01 août, 2013

Pour les Palestiniens, le dialogue doit forcer Israël à dévoiler son jeu


. © Ahmad al-Rubaye Les pourparlers relancés à Washington doivent avant tout servir à tester les intentions d’Israël et le cas échéant lui faire porter la responsabilité d’un échec, selon experts et responsables palestiniens, qui leur assignent des objectifs modestes.
Les deux parties ont accepté mardi lors d’une première réunion de tenter de parvenir à un accord de paix dans les neuf mois, un objectif “à portée de vue” selon l’Union européenne, mais les Palestiniens se montrent beaucoup plus dubitatifs.
“A ce stade, il s’agit simplement de préparer les négociations”, a précisé mercredi le négociateur palestinien Yasser Abed Rabbo, à la radio officielle Voix de la Palestine, alors que la prochaine rencontre doit avoir lieu dans deux semaines, selon le secrétaire d‘État américain John Kerry.
Les négociations doivent porter sur toutes les questions liées au “statut final”: le droit au retour pour quelque 5 millions de réfugiés palestiniens, les frontières d’un futur État palestinien, le sort de Jérusalem, la question des colonies juives.
“Tout le monde sait que les activités de colonisation continuent, cela signifie que les négociations sont vouées à l‘échec et doivent cesser”, a prévenu M. Abed Rabbo. “Et les Américains en sont parfaitement conscients, ils devront donc décider s’ils veulent ou non de véritables négociations”.

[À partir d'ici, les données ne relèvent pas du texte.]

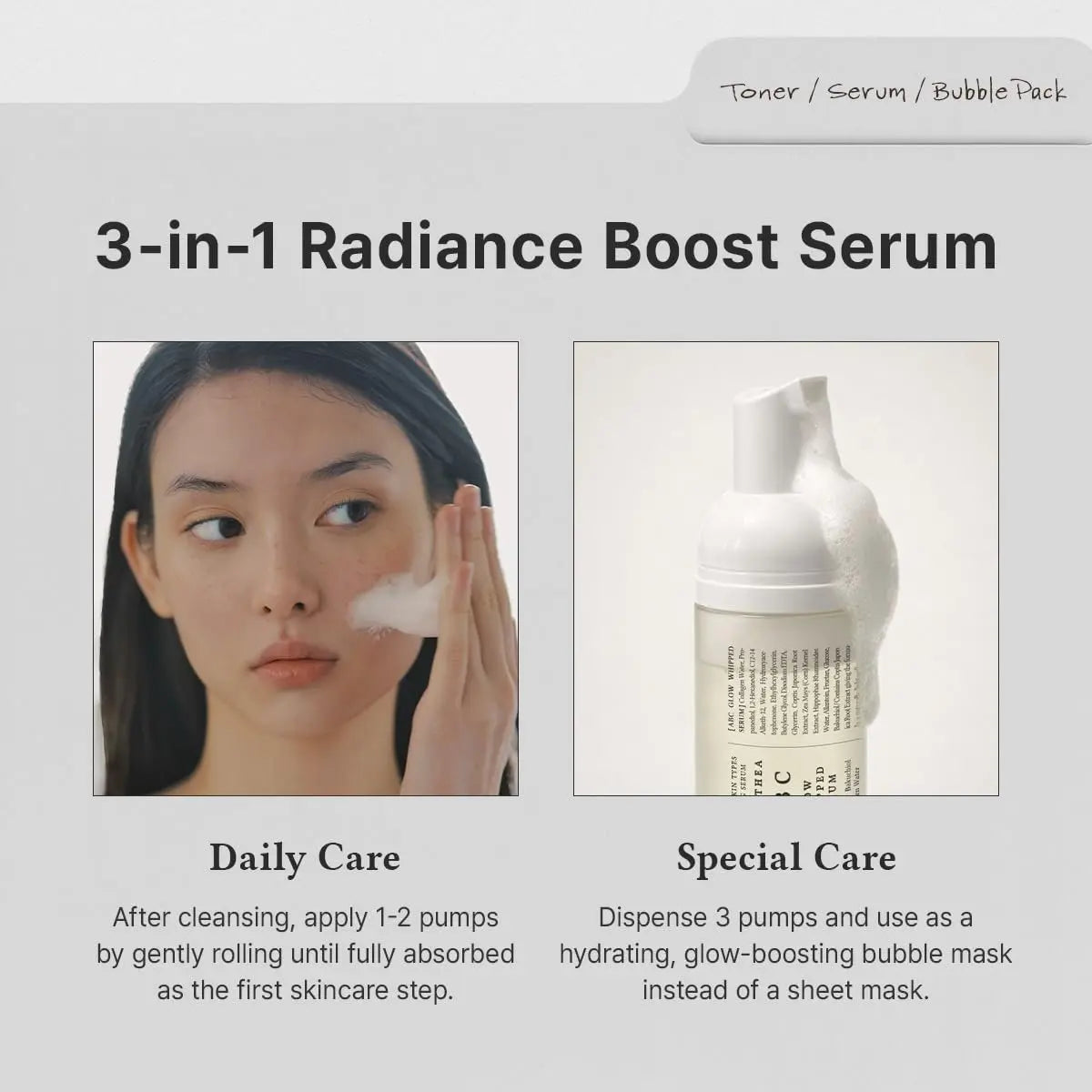 Dr.Althea ABC Glow Whipped Serum | Bubble Toner with Collagen & Vitamin Tea Water | Radiance-Boosting Toner for Instant Hydration & Makeup-Ready Finish | Vegan Korean Skincare, 3.38 Fl Oz Avelisse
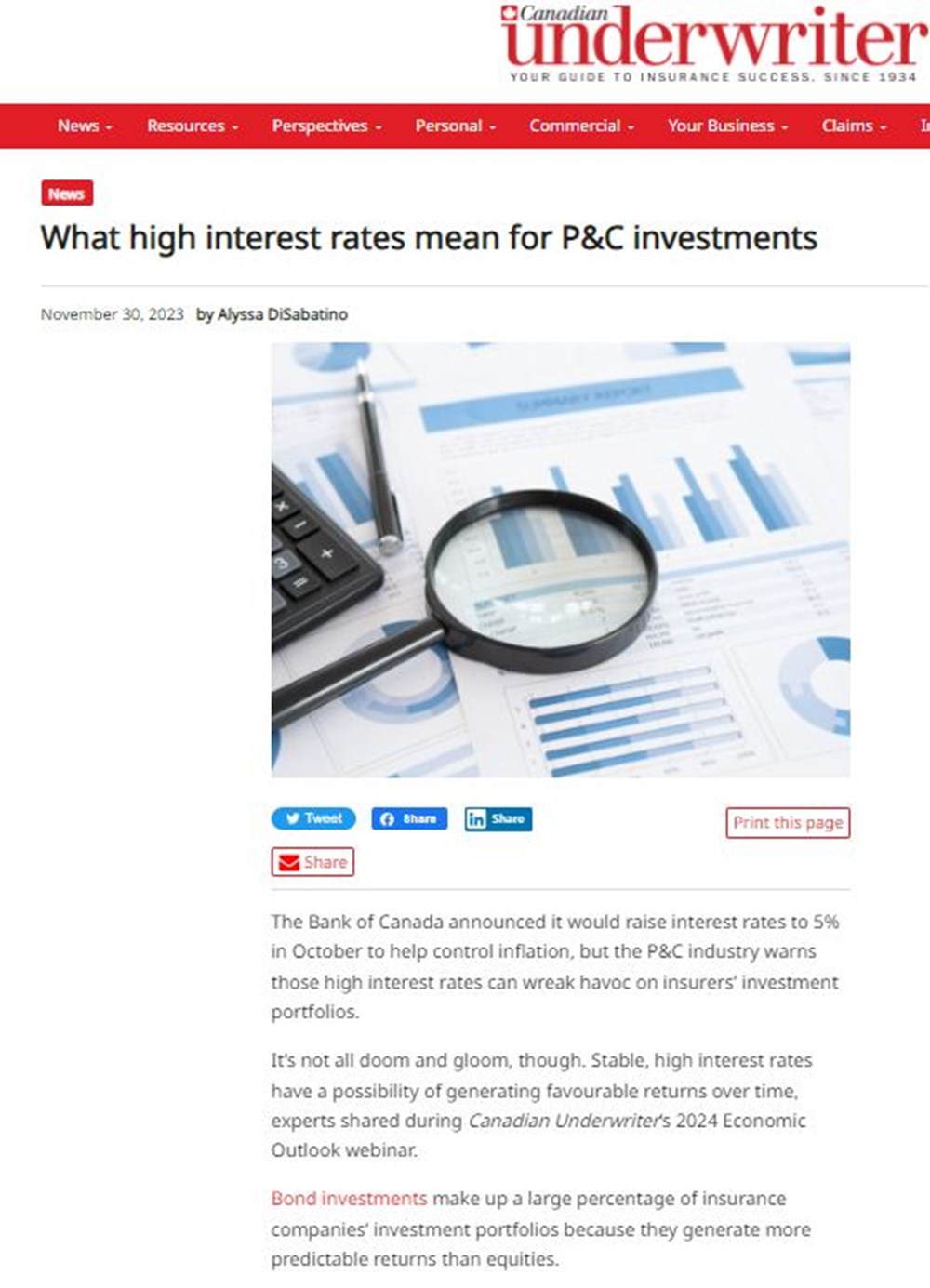 une capture d'écran de l'article What high interest rates mean for P&C investments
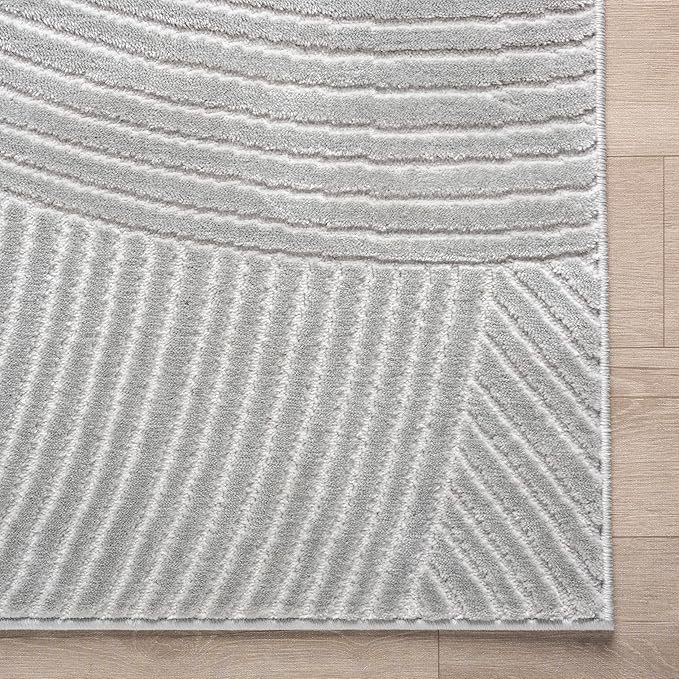 Abani Grey Area Rug for Living Room, Bedroom - Zen Reiki Pattern- 2 x 3 -Durable & Easy to Clean
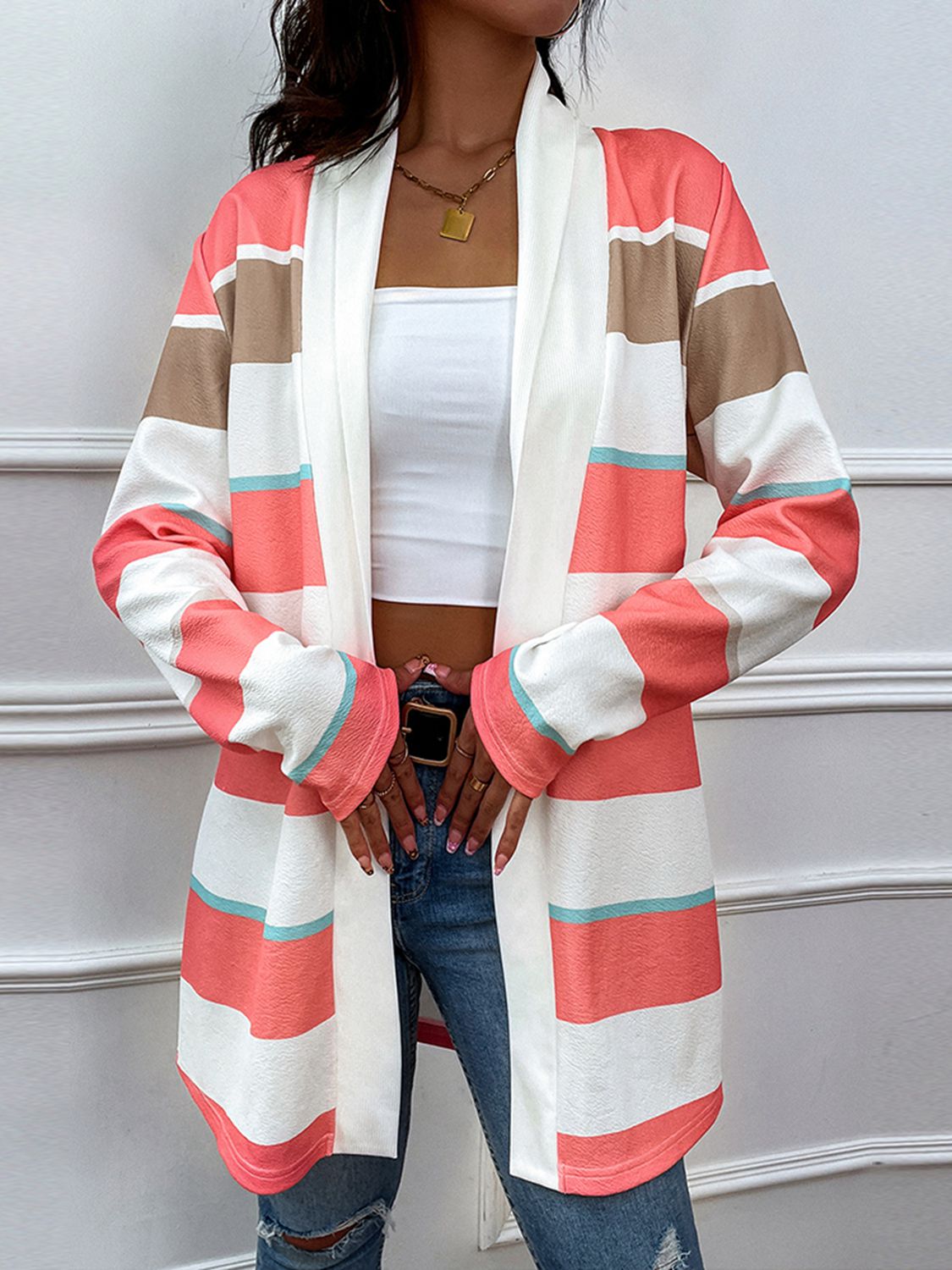 Striped Open Front Longline Cardigan Print on any thing USA/STOD clothes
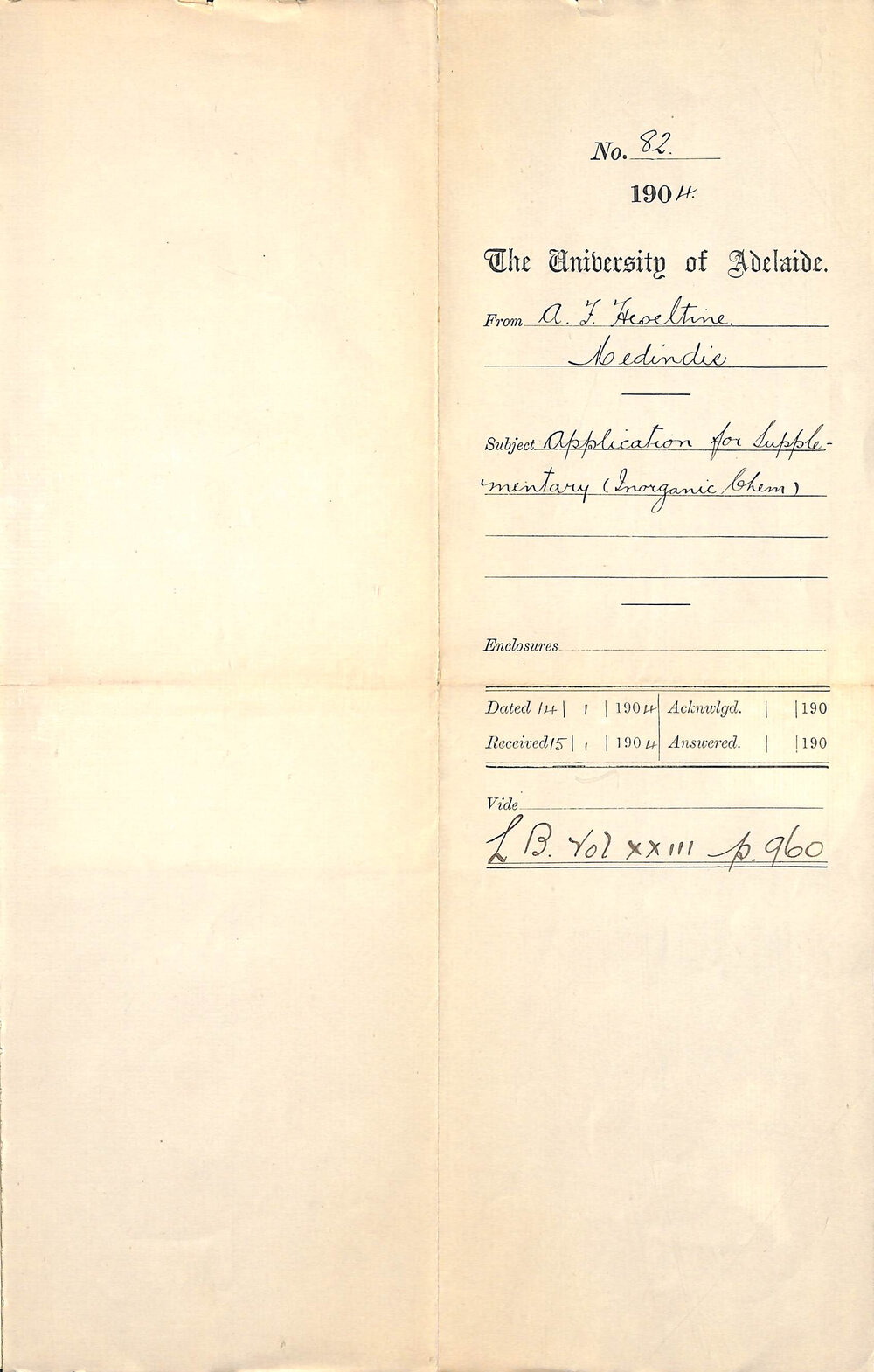 Application for Supplementary [inorganic Chemistry]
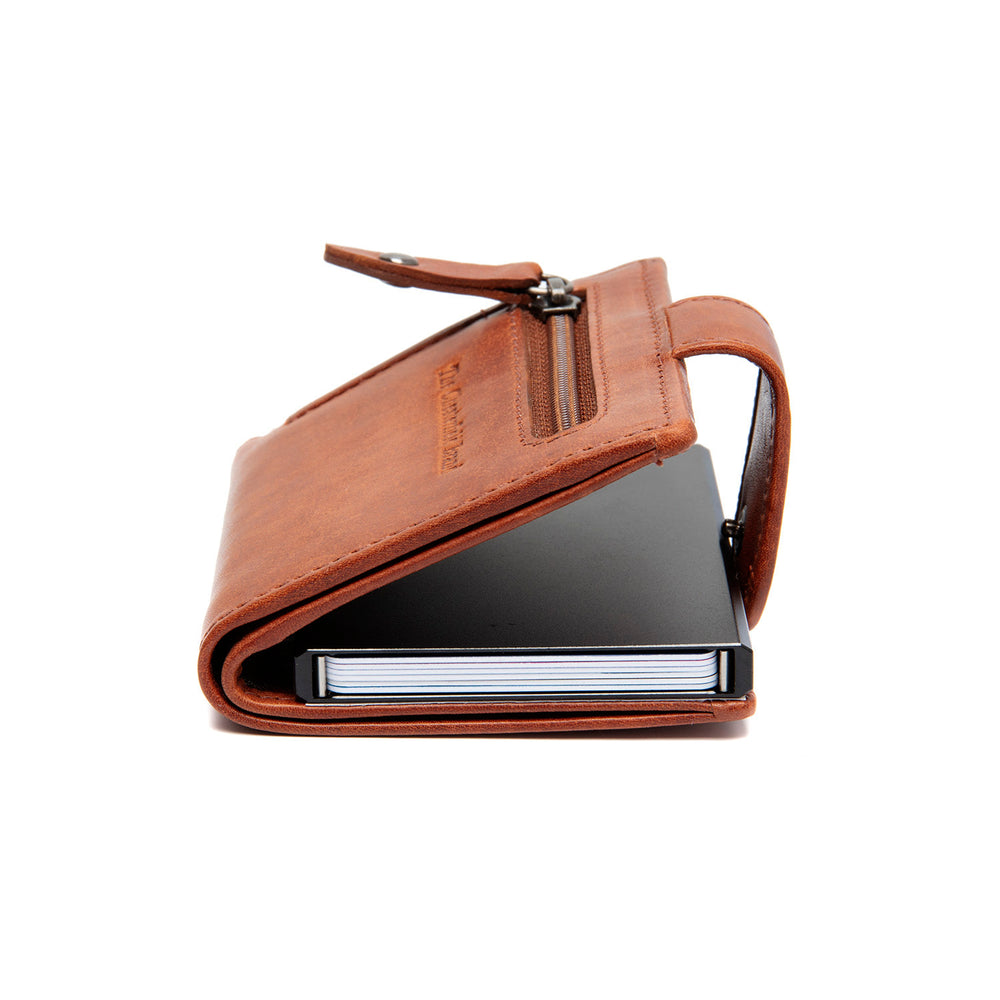 Leather Card Holder Cognac Barrea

Israël ne s’est pas engagé à geler la construction de colonies pendant les négociations —ce qui était une des demandes répétées des Palestiniens. En revanche, le gouvernement de Benjamin Netanyahu a accepté de libérer 104 prisonniers palestiniens arrêtés avant les accords d’Oslo en 1993.
“Ces discussions sont vouées a l‘échec, il n’y a aucune chance pour que ça mène à un accord”, affirme le politologue Abdelmajid Soueilem”, estimant que “le but de ces négociations est de faire plaisir aux Américains”.
“C’est le principe même des négociations qui est important pour les Américains afin de garder un rôle dans la région”, explique-t-il.
“L’annonce dimanche de la libération de 104 prisonniers palestiniens incarcérés avant les accords d’Oslo de 1993 ne suffira pas à amadouer l’opinion palestinienne ou la convaincre que ces négociations vont aboutir”, ajoute M. Soueilem.
Libérations sous pressions américaines
Un avis partagé par un autre expert, Hani Habib, pour qui “la rue palestinienne ne se sent pas concernée par la reprise des négociations”.
Selon lui, “ces prisonniers auraient dû être libérés après la signature des accords d’Oslo, il y a 20 ans, donc cela ne peut pas être considéré comme une faveur exceptionnelle en échange d’un retour aux négociations”.
De son côté, Samir Awad, professeur de science politique à l’Université de Bir Zeït, juge que la libération des prisonniers est “le fait des pressions américaines mais ce n’est pas suffisant pour assurer le succès des discussions”.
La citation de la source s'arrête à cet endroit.